Well not exactly, nor did I run into Lord Lucan or any other missing individuals.
Of course not. After all, I’ve just spent the last few hours delving into the upper reaches of my garden, in sunny Hampshire.
To my knowledge, neither Livingston or Lucan have ever ventured into my garden. Livingstone spent many years in Africa and Lucan could be anywhere having supposedly been seen everywhere.
After hacking back the brambles and Jasmine vines, and numerous other invasive plants I can state categorically that neither of the aforementioned gentlemen are to be found.
Unfortunately, this end of the garden has been neglected somewhat. Not helped by our seven month sojourn in Australia. The picture above was taken after I had made a valiant foray, boldly forging a path through the brambles and Jasmine with my electric hedge trimmer.
What’s triggered this sudden exertion ?
Well, the fence, that you can just catch glimpses of, is in a very dilapidated state. In fact I believe the plant life, that I have been cutting back, is all that is keeping it up.
The plan, much like a game of dominoes, is in several parts.
Step one, is to replace the fence. This I am going to do with the help of my daughters boyfriend. Actually, he is the expert, I will just be his bitch. So approximately twelve metres of featherboards mounted on arris rails.
Step two, is to replace this sorry broken shed.

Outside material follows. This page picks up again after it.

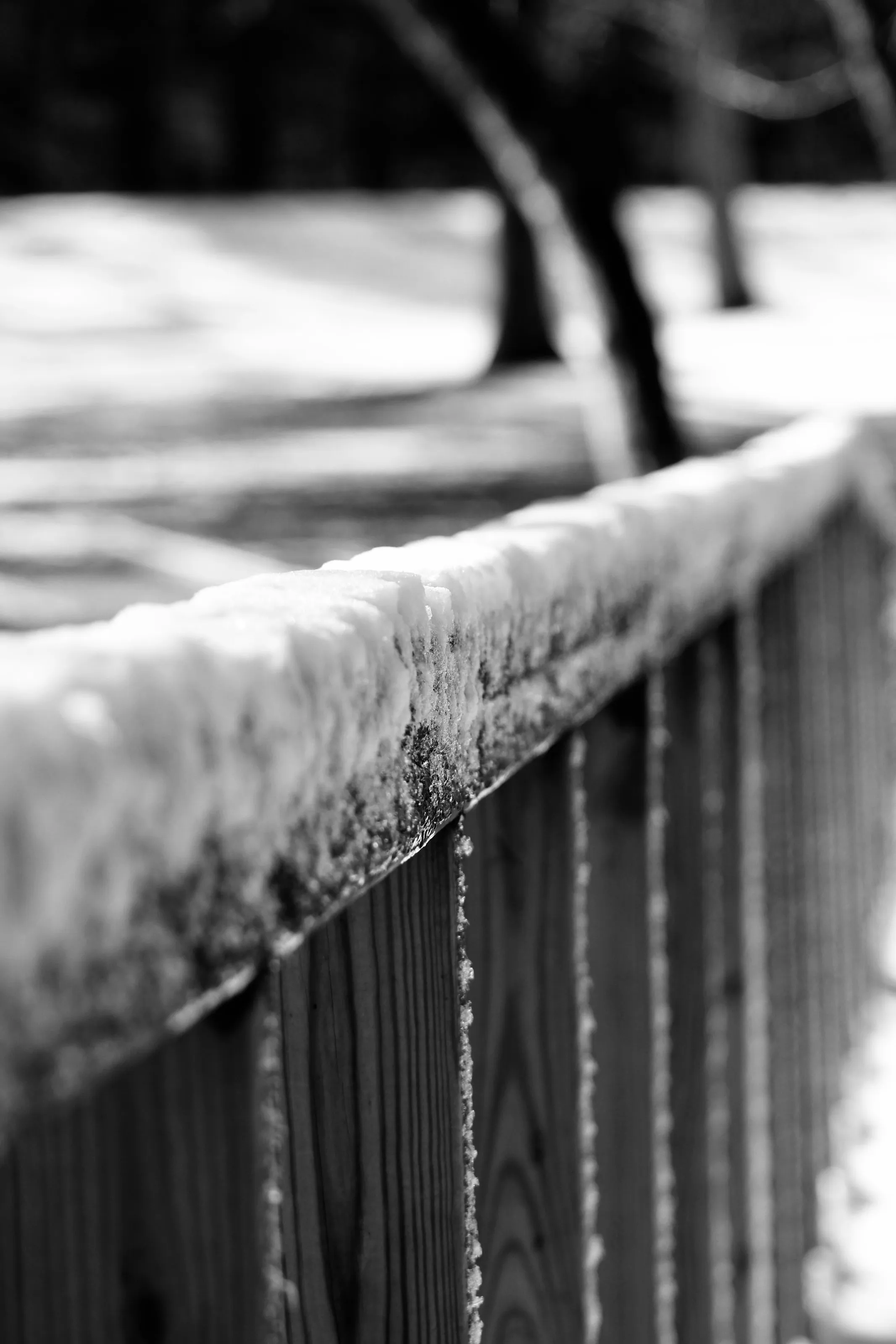 Frozen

The plan is to replace it with a new one, approximately twice the size. This shed has performed admirably until late last year, when some guys I had hired to do some hedge work, chose to fall through the roof. Removing the shed will be a bit of a voyage of discovery as there are signs of subterranean habitation. That is to say there looks to be a tunnel going under the shed. You can just see the entrance to the right of the door. Potential inhabitants range from hedgehogs thru foxes to rats. Hopefully not the latter although, I believe, we would have seen more signs if there were any living that close to the house.
Step three, replace the cheap n cheerful greenhouse with a more robust version. Over the last couple of years this structure has suffered damage due to strong winds. So it’s time to get rid.
The latest storm blew off the door, breaking the plastic glazing. Blew off the skylight (now placed back on the roof). And, I have since discovered, the wind also dislodged some glazing at the back. So, no longer weatherproof. The greenhouse was used last year, to grow a bumper crop of tomatoes. Not this year though.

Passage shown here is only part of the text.